• _TASK REQUIREMENTS_
Determine the number of lines below that contain the string "Indoor", and state only that number.

• _DATASET RECORDS_
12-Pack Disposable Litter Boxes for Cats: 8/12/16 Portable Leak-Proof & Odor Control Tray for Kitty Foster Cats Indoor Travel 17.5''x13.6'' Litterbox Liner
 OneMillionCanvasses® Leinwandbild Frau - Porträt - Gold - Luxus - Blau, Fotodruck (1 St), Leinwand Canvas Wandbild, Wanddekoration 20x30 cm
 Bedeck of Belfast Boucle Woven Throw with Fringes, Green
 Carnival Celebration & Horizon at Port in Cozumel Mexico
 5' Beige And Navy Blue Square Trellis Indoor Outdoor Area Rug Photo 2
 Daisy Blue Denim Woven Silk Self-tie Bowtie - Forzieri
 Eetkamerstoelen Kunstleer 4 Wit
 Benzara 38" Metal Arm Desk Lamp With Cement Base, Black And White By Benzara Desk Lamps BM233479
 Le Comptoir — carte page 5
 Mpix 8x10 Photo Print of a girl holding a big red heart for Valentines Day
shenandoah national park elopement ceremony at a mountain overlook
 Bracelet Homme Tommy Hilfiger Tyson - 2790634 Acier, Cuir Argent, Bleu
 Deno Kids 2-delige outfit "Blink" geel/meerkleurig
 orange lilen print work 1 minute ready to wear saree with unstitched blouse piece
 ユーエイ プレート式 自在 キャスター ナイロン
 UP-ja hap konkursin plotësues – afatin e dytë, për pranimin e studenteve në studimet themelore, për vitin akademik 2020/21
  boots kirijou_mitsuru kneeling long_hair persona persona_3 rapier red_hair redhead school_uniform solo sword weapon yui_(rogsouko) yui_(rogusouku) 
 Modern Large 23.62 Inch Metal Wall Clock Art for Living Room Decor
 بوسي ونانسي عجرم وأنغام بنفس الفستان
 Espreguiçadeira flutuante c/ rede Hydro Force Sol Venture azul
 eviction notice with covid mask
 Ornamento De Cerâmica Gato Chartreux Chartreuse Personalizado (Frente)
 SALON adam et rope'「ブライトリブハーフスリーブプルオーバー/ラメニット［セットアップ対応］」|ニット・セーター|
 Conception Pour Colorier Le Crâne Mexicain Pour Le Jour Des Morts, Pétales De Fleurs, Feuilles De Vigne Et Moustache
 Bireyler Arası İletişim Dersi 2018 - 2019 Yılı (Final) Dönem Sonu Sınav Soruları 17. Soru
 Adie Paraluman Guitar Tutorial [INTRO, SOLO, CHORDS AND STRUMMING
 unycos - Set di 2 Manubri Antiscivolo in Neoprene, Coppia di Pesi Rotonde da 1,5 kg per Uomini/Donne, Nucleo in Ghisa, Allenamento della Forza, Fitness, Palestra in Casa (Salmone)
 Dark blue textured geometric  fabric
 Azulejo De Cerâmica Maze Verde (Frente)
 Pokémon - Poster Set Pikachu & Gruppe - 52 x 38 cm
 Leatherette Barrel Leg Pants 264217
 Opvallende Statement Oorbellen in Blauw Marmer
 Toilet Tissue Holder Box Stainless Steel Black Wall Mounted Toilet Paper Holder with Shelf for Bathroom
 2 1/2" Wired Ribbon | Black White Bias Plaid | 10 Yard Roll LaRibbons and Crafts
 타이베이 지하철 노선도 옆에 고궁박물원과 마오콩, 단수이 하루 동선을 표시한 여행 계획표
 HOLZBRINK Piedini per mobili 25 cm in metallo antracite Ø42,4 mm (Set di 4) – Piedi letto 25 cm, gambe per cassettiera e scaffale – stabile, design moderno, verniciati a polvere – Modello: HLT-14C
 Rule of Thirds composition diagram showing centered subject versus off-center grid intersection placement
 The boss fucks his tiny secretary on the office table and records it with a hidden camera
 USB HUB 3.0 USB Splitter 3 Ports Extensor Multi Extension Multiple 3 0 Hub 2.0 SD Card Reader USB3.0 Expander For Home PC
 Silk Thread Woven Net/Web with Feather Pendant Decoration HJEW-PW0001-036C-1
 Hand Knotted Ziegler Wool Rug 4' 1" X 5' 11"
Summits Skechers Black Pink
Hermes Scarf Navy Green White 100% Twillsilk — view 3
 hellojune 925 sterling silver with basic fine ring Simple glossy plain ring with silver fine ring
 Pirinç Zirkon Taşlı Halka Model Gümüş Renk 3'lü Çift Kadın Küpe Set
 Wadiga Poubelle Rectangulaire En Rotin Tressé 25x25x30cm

• _RESPONSE AREA_
2